(RECORDS FOR PROCESSING)

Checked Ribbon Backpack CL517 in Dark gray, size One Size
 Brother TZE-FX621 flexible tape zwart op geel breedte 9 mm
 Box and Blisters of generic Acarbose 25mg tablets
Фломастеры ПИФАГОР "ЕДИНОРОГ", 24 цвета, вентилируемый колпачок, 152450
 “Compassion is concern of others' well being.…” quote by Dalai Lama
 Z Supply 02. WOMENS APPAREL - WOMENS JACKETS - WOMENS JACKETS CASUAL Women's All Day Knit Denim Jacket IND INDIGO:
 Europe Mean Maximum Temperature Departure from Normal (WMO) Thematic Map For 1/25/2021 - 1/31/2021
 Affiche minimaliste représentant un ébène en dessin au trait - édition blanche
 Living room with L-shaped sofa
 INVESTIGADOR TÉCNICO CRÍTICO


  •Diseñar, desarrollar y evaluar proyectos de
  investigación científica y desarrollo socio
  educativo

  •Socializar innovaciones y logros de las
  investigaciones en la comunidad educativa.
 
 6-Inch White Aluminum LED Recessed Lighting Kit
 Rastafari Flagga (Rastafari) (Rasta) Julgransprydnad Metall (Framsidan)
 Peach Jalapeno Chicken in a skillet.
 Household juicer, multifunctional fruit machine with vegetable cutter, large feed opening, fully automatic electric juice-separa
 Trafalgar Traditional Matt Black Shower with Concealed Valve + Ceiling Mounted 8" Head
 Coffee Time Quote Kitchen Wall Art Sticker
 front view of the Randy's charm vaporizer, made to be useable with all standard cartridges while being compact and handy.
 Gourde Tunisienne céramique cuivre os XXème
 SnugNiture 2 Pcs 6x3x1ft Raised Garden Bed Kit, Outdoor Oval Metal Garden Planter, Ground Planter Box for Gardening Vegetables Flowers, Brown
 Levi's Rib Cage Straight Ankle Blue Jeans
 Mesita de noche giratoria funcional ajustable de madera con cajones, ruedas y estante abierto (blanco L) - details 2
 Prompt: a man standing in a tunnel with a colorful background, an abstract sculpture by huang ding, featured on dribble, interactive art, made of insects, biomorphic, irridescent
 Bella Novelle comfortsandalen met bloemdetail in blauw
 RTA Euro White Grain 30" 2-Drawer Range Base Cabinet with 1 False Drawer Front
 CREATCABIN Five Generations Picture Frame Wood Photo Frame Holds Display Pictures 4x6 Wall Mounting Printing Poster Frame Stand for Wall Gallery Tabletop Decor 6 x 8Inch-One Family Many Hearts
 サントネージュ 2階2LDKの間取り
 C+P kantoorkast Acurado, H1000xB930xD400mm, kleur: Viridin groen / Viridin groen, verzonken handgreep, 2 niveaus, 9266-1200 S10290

(End RECORDS FOR PROCESSING)

# EXERCISE PROMPT
Where does the string "Wall" appear in the records above? Show every line that holds it.

# THE COMPLETED TASK
 Coffee Time Quote Kitchen Wall Art Sticker
 CREATCABIN Five Generations Picture Frame Wood Photo Frame Holds Display Pictures 4x6 Wall Mounting Printing Poster Frame Stand for Wall Gallery Tabletop Decor 6 x 8Inch-One Family Many Hearts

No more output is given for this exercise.